The reason for the split is that for most purposes where you think you need a parser, you in fact just need a tokenizer. The tokenizer library is about 15KB, whereas the parser is over 700KB (minified), so you can see why you might not want to include it unnecessarily.
The library files
jtokenizer.php are self-contained, minified files for production use. If you wish to inspect or modify the code you will need to download the devel package. This package provides a build script which collates the libraries into their distributable files.
The main function you will want to use is
j_token_get_all which behaves the same as the PHP token_get_all function with the addition of a column number as well as a line number. Additionally there is the
j_token_name as per the PHP token_name function.
This is a full, syntactical parser. On its own it simply generates a parse tree which can be traversed and manipulated. There is no proper documentation on this yet, but take a look at the node classes in the devel package if you are serious about doing something useful with this parser.
Some other notes in no particular order
The full parser uses a lot of juice. I recommend giving PHP loads of memory, and be careful what you throw at it if you’re going to run it on a production server.

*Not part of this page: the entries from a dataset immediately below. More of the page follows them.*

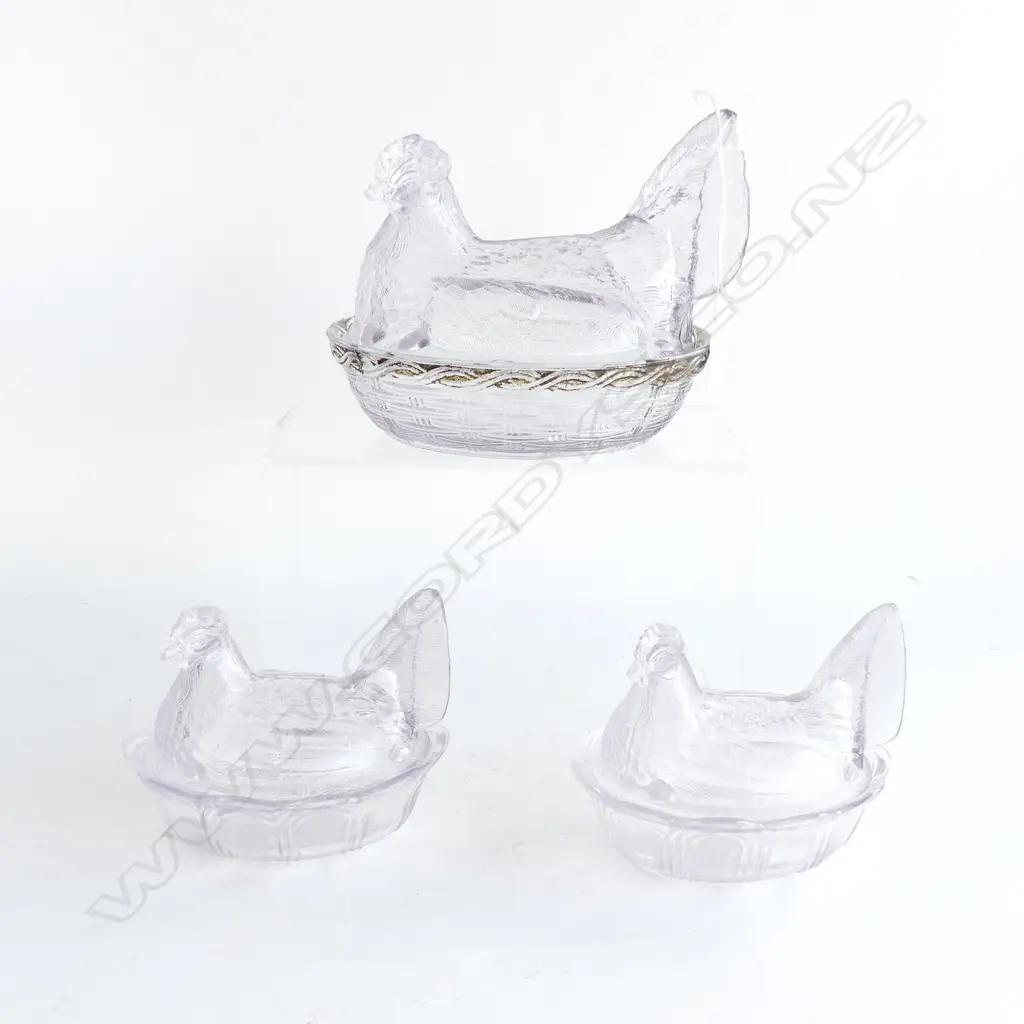 3 PRESSED GLASS HEN ON NEST CHICKENS L.195mm Image 1++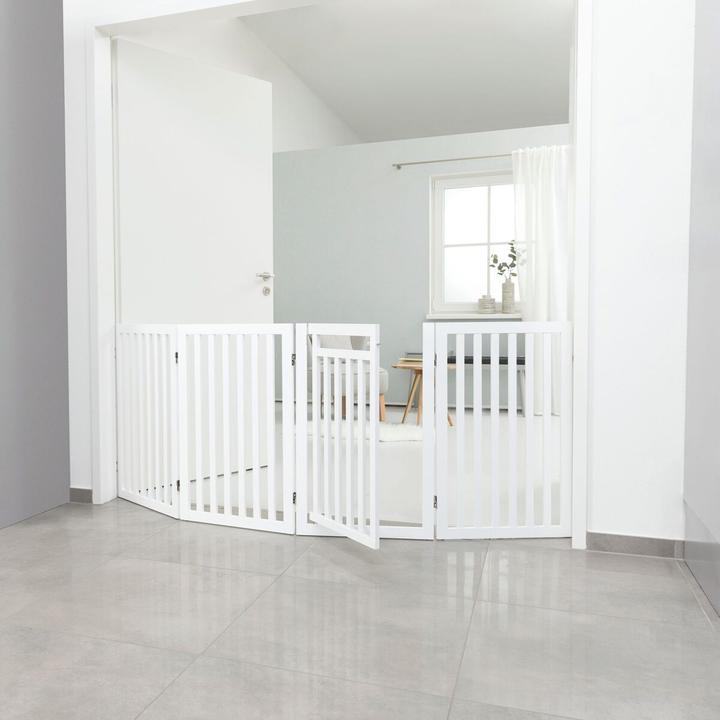 Actual product image Trixie Barrier fence with door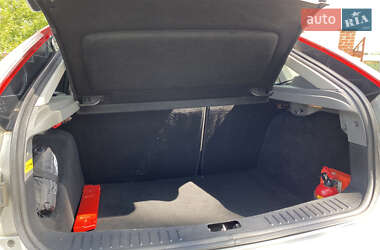 Хэтчбек Ford Focus 2010 в 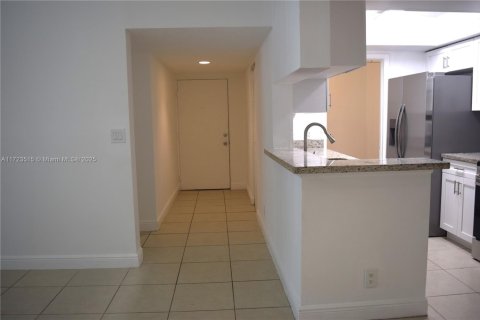Condo in Tamarac, Florida, 2 bedrooms  № 1727081 - photo 1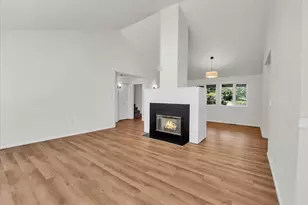 3851 Ambleside Ln NE, Bremerton, WA 98311 - Photo 8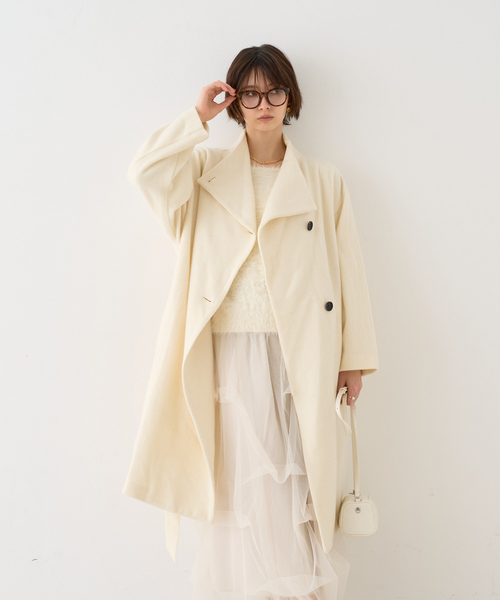 EMMA ROUGE VIF(エマルージュヴィフ)の「【一部店舗限定】ショートビーバーニュアンスカラーコート(その他アウター・レディース・オフホワイト/チャコールグレー・フリー)」の5枚目の写真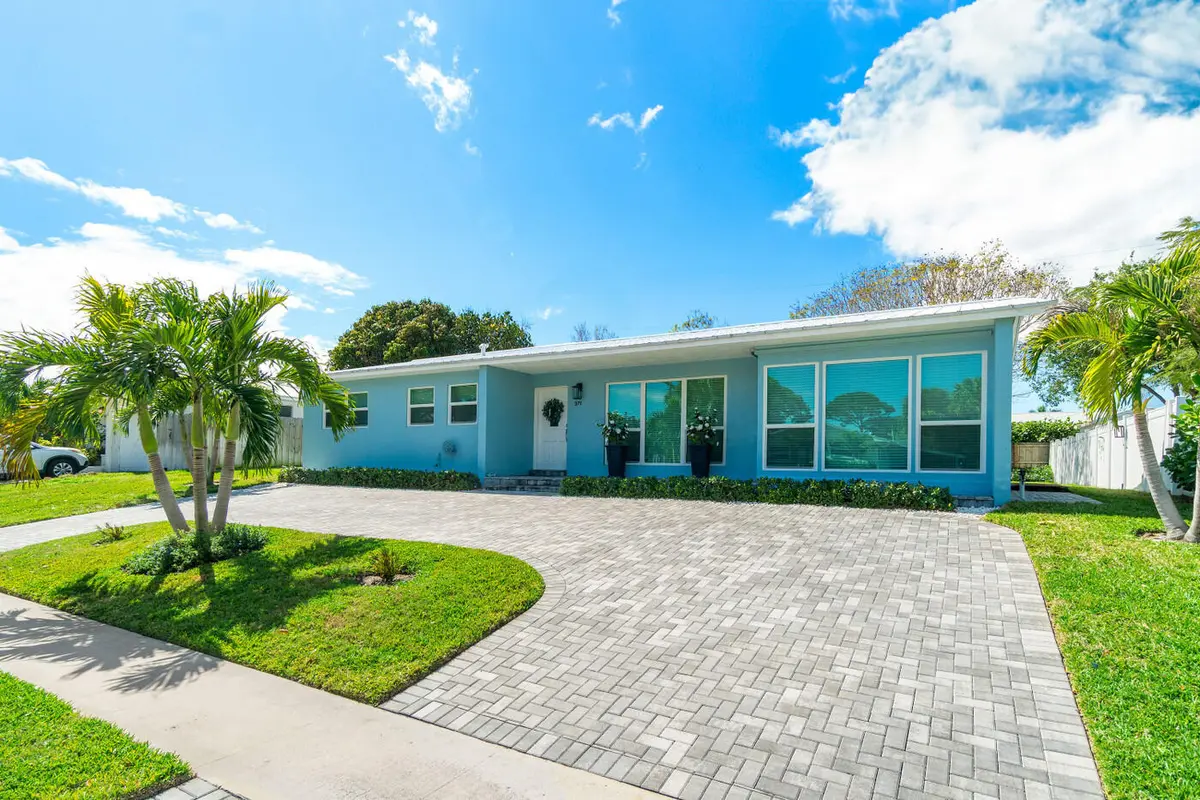 Front Elevation at 371 Saturn Avenue, Tequesta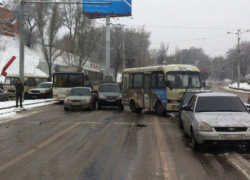 В Ростове-на-Дону в два раза выросли цены на такси -  виноват гололед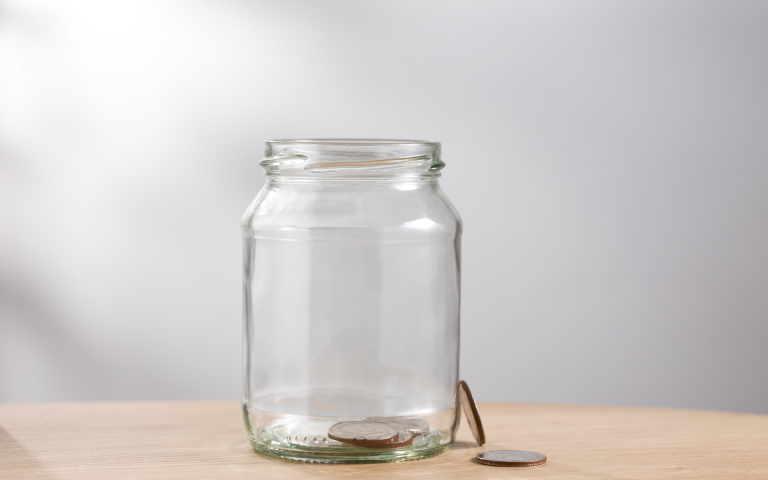 Leeres glas mit ein paar müssen drin. da muss jemand noch mehr sparen um das Glas zu füllen.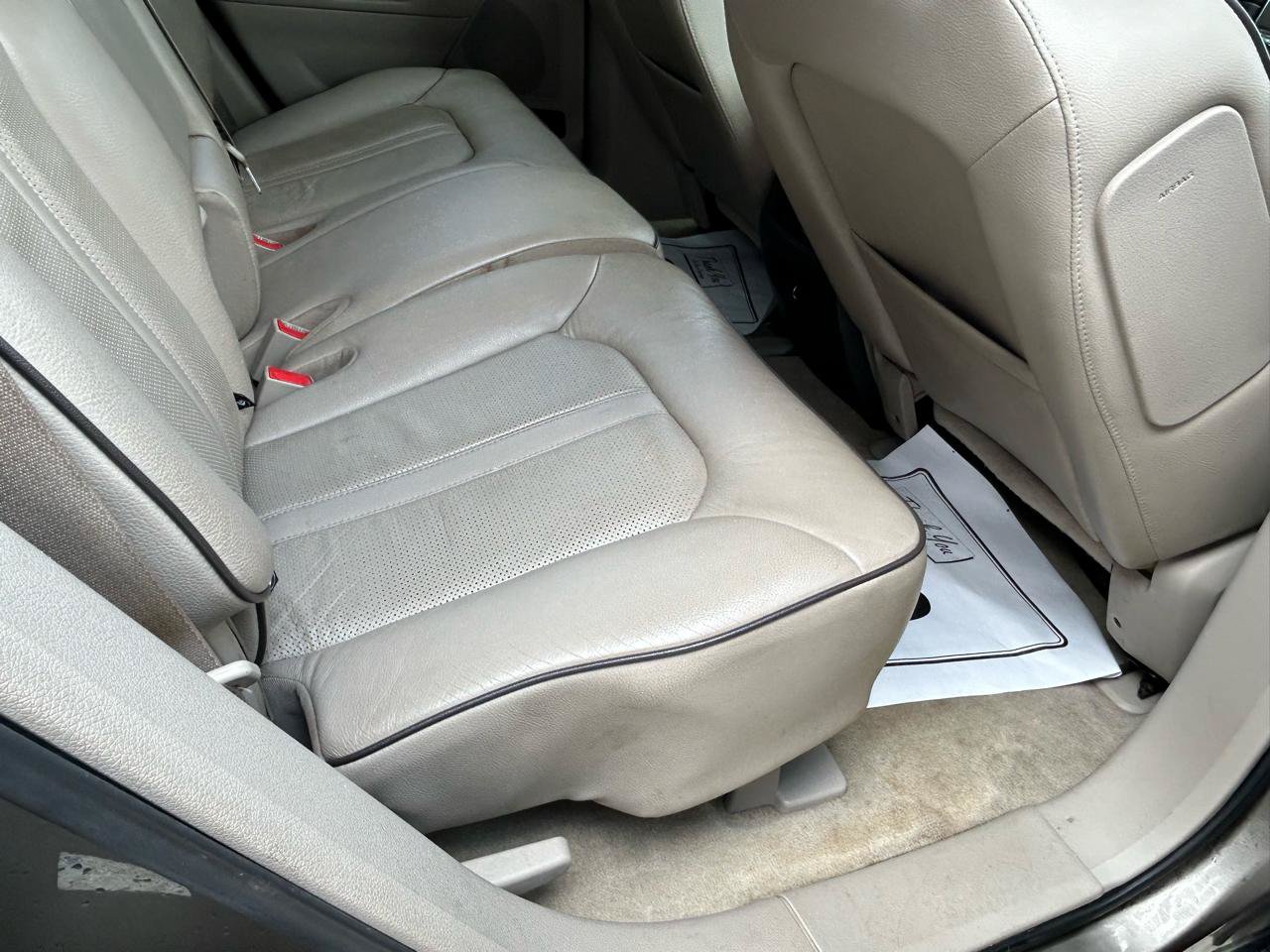Used 2012 Lincoln MKX AWD w/ Wood Pkg image 11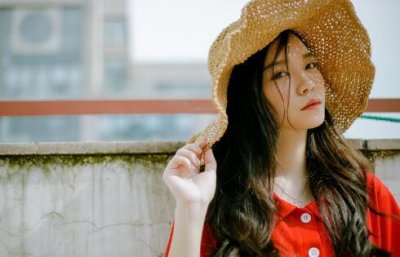 ​女孩子假拒绝真考验男的表现，看穿她的假拒绝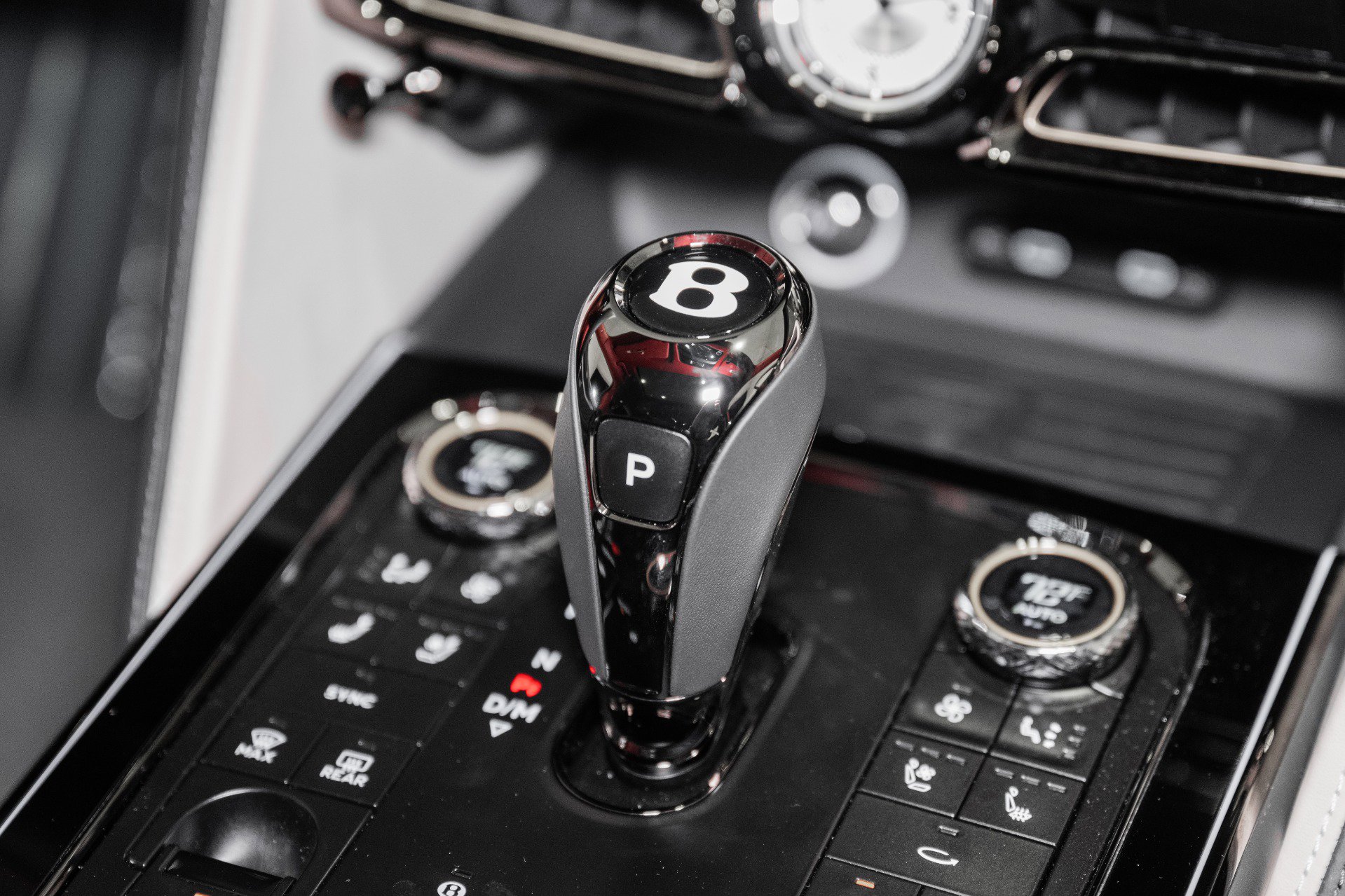 New 2026 Bentley Flying Spur Plug-In Hybrid AWD/4WD image 44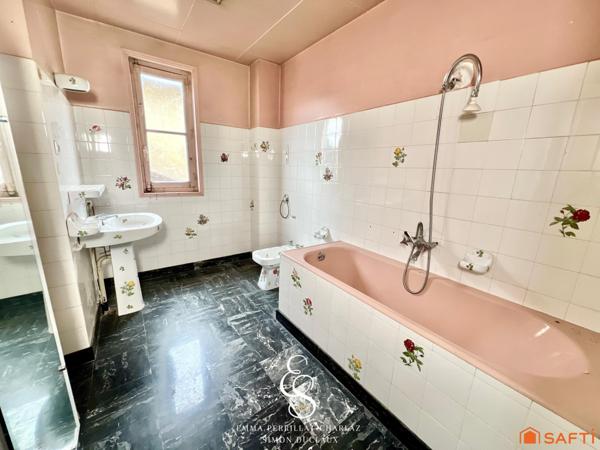 Demeure noble et authentique, alliant élégance et caractère unique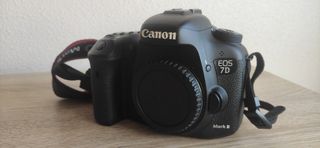 Camara de fotos Canon 7 D Mark ii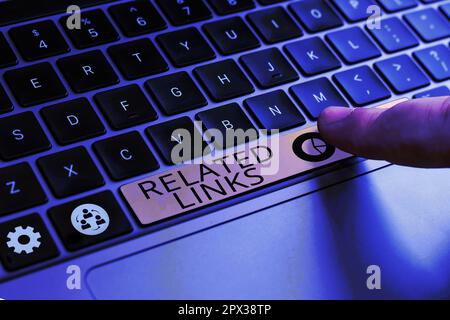 Segno di scrittura della mano Collegamenti relativi, Word per Web site all'interno di una pagina web riferimento incrociato Collegamenti ipertestuali Foto Stock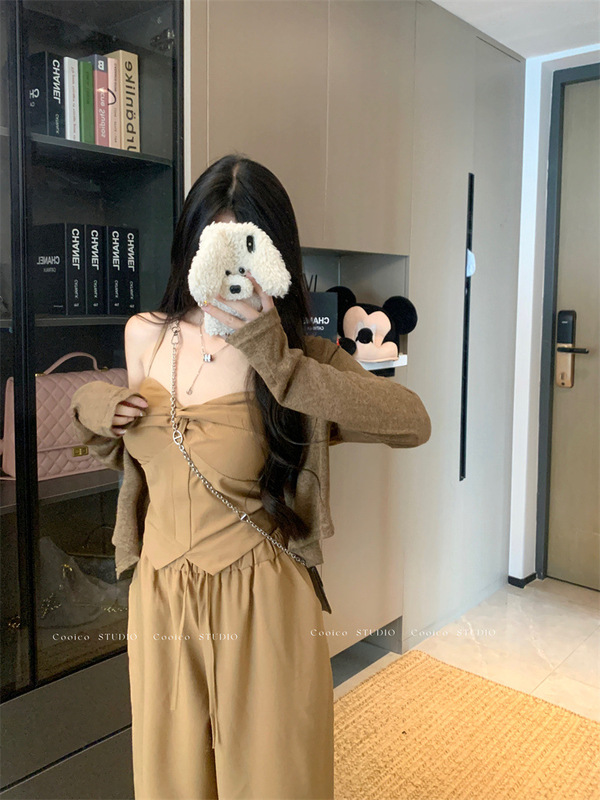 气质减龄套装女秋季2025新款辣妹吊带背心开衫休闲长裤咖色三件套|undefined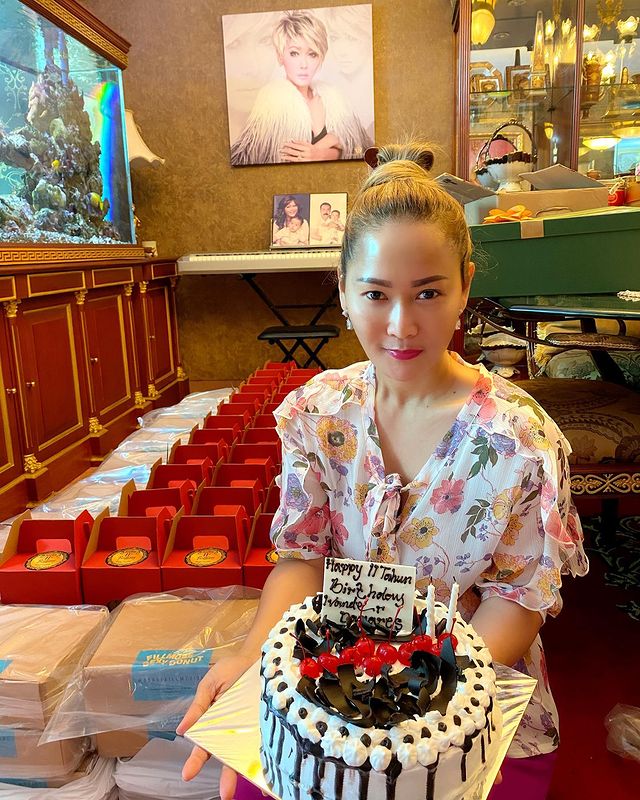 10 Kue ultah keluarga Inul Daratista, desainnya simpel hingga unik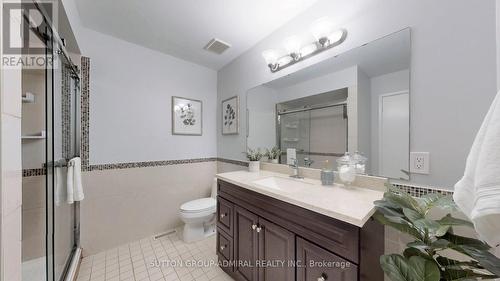 760 Ashprior Avenue, Mississauga, ON - Indoor Photo Showing Bathroom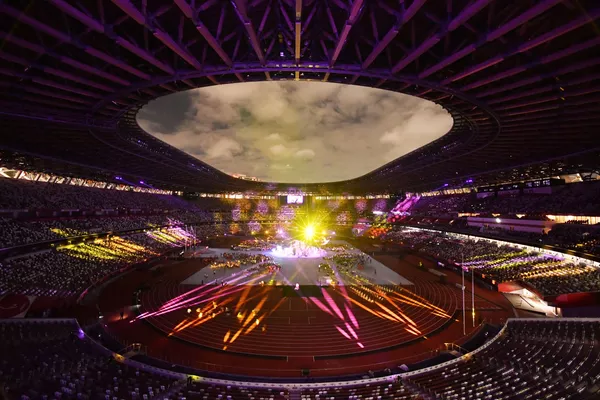 Président du Comité international paralympique, Andrew Parsons a déclaré la clôture des XVIes Jeux paralympiques d'été à Tokyo. La flamme des Jeux paralympiques de 2020 a été éteinte.  Sur la photo: cérémonie de clôture des Jeux paralympiques d'été à Tokyo. - Sputnik Afrique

The JParser parse tree is purposefully not a full tree, it collapses redundant nodes to save memory. If you want to see a full tree then take a look at the
JParserRaw class. (devel package required)
Splitting the parsing process into two parts (tokenize/parse) is probably not the most efficient and probably uses more memory than it would another way. However, I figured it would be neat to mimic the PHP tokenizer functionality so that parsers could be built that take a stream of PHP tokens.